_Exercise aim_
Images are not wanted; transcribe the rest of the listing exactly.

_Input for this task_
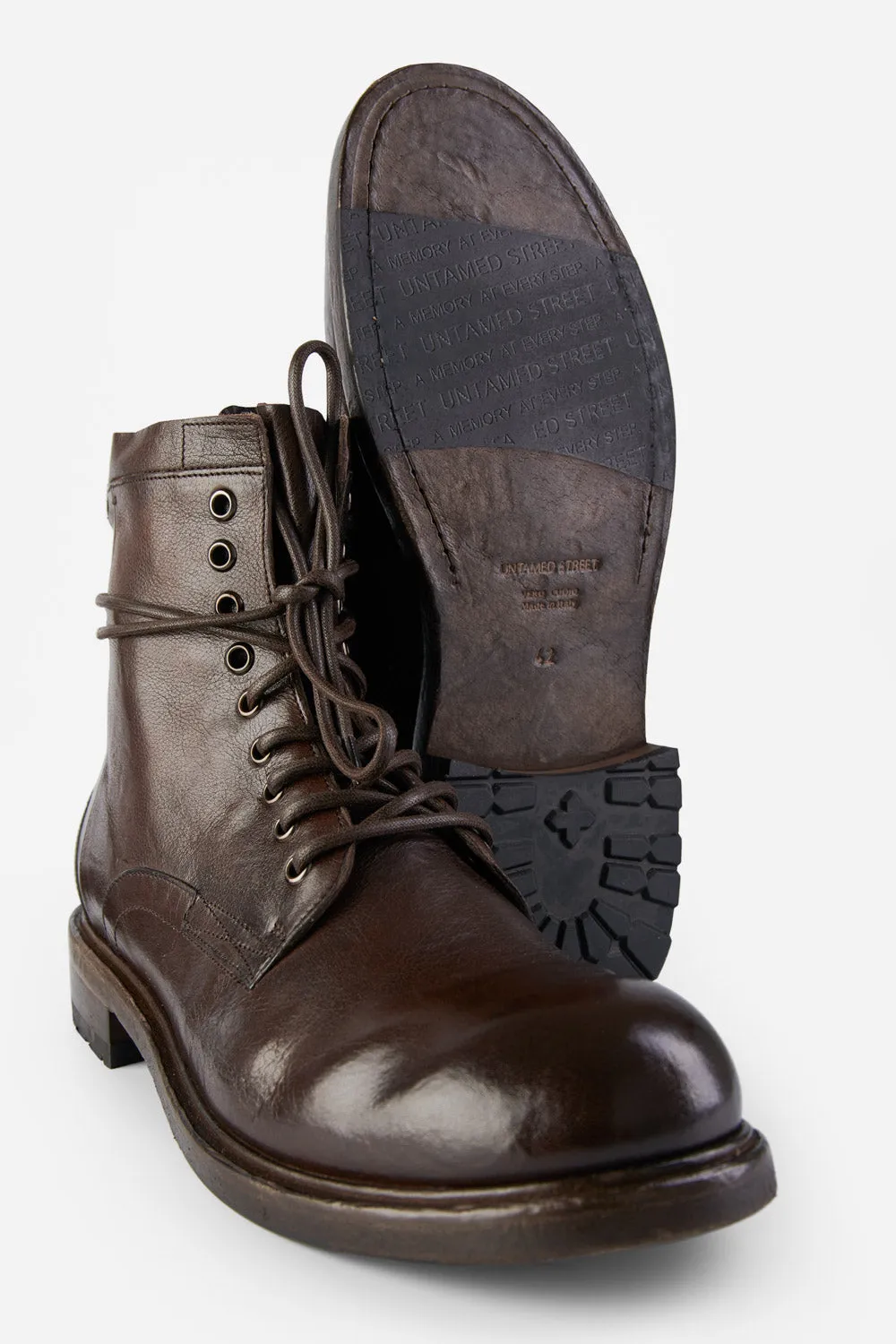 CURZON raw-timber military boots.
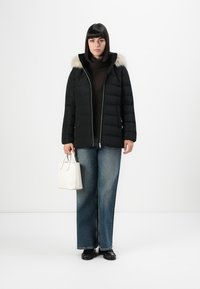 Donna che indossa un giubbotto piumino nero con cappuccio in pelliccia, maglione dolcevita scuro, jeans larghi, scarpe nere, mentre tiene una piccola borsa bianca, in piedi su uno sfondo bianco.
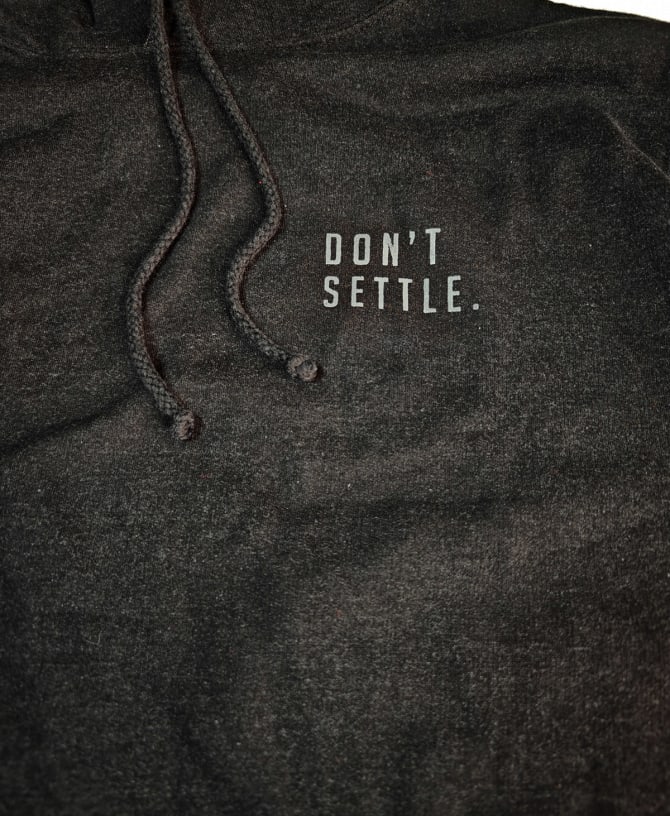 Don't Settle Hoodie — (Heather Black)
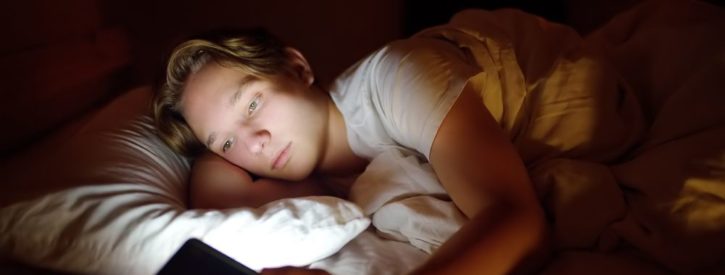 teen boy addicted to social media using his mobile device late into the night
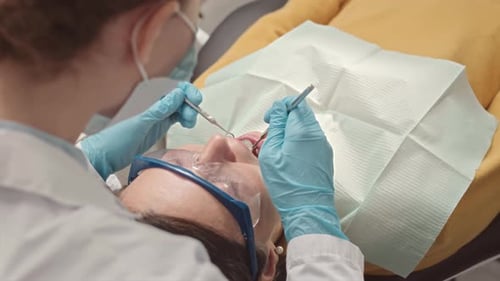 Dentist Doing Dental Examination of Patient in Clinic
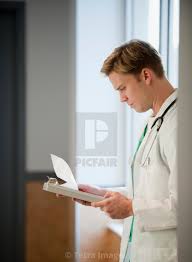 Doctor Reading Medical Chart License Download Or Print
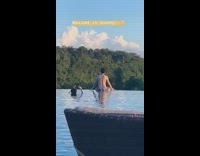 Edge of pool guy swim shorts back photo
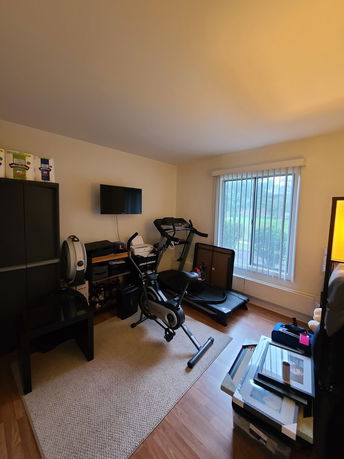 Indoor room with exercise equipment like a stationary bike and a treadmill.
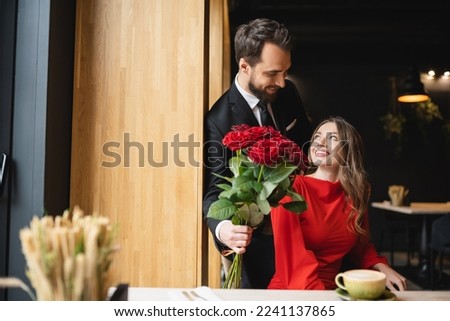 bearded man in suit holding bouquet of red roses near smiling girlfriend on valentines day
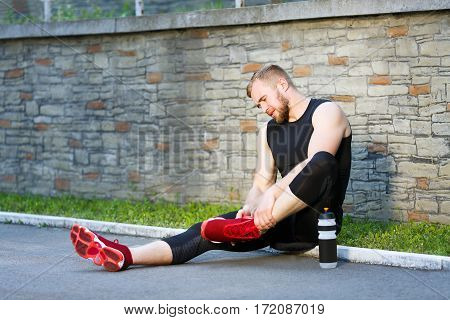 Pain in leg, sport injury. Man sitting and holding his leg. Sportsman limbering up leg, bottle with water standing next to him. Full body, outdoors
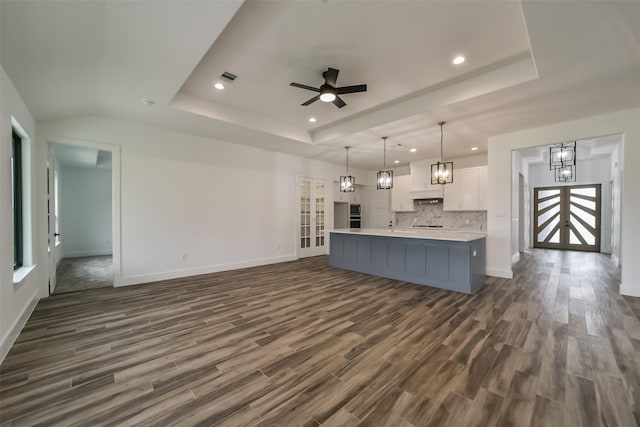 kitchen featuring white cabinets, pendant lighting, ceiling fan with notable chandelier, dark hardwood / wood-style flooring, and a kitchen island with sink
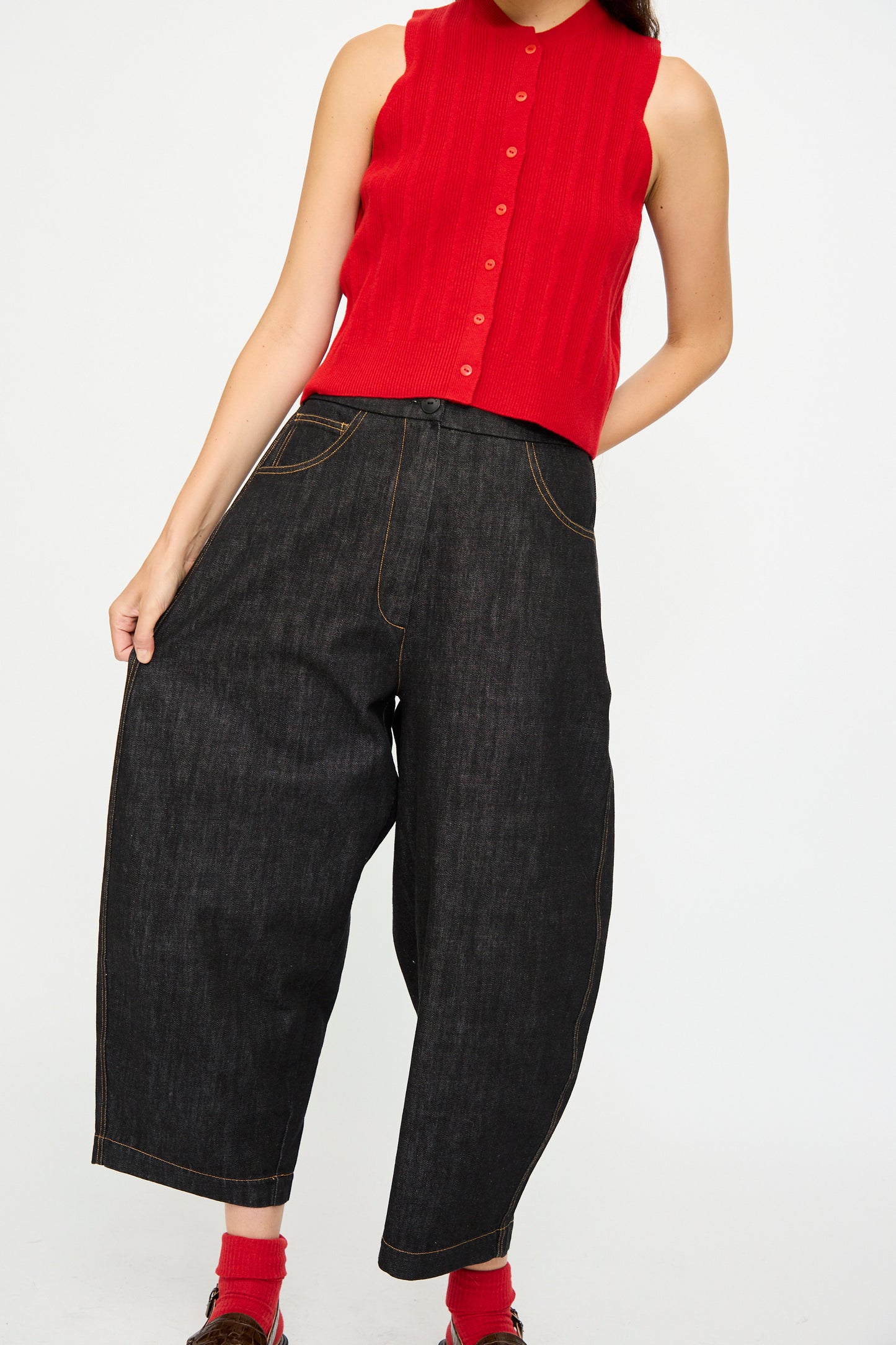 A person wearing a sleeveless red button-up top, Cordera Denim Curved Pant in Black with an elastic waistband, and red socks stands against a plain white background.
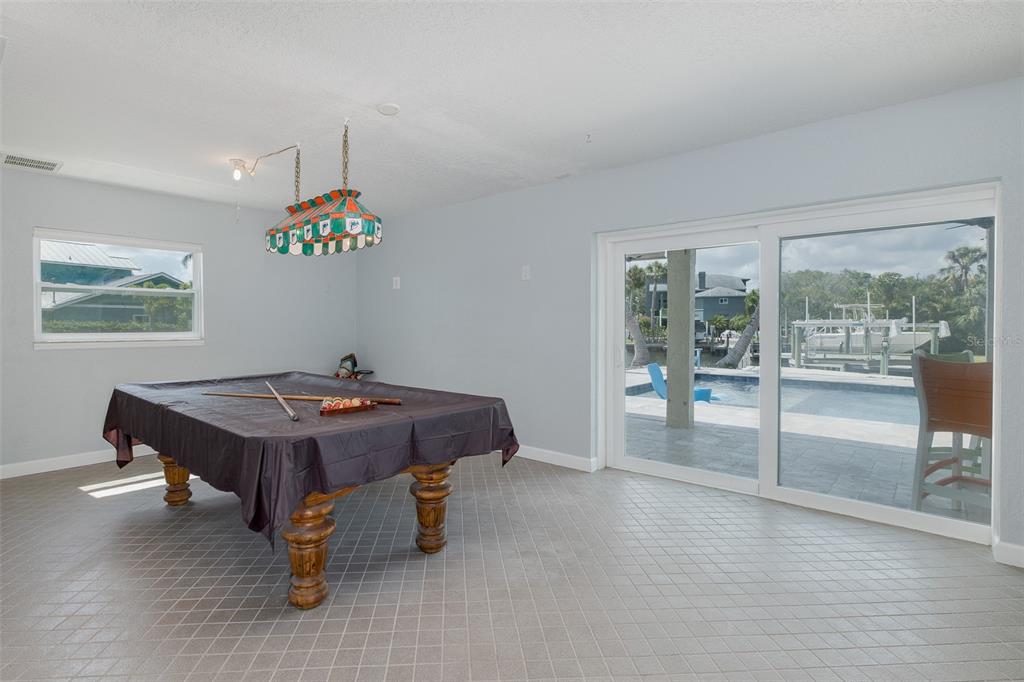 5040 Waterside Drive Port Richey, FL 34668 - Photo 39 of 58 a room with pool table and glass door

_The answer_
 CURZON raw-timber military boots.
 Donna che indossa un giubbotto piumino nero con cappuccio in pelliccia, maglione dolcevita scuro, jeans larghi, scarpe nere, mentre tiene una piccola borsa bianca, in piedi su uno sfondo bianco.
 Don't Settle Hoodie — (Heather Black)
 teen boy addicted to social media using his mobile device late into the night
 Dentist Doing Dental Examination of Patient in Clinic
 Doctor Reading Medical Chart License Download Or Print
 Edge of pool guy swim shorts back photo
 Indoor room with exercise equipment like a stationary bike and a treadmill.
 bearded man in suit holding bouquet of red roses near smiling girlfriend on valentines day
 Pain in leg, sport injury. Man sitting and holding his leg. Sportsman limbering up leg, bottle with water standing next to him. Full body, outdoors
 kitchen featuring white cabinets, pendant lighting, ceiling fan with notable chandelier, dark hardwood / wood-style flooring, and a kitchen island with sink
 A person wearing a sleeveless red button-up top, Cordera Denim Curved Pant in Black with an elastic waistband, and red socks stands against a plain white background.
 5040 Waterside Drive Port Richey, FL 34668 - Photo 39 of 58 a room with pool table and glass door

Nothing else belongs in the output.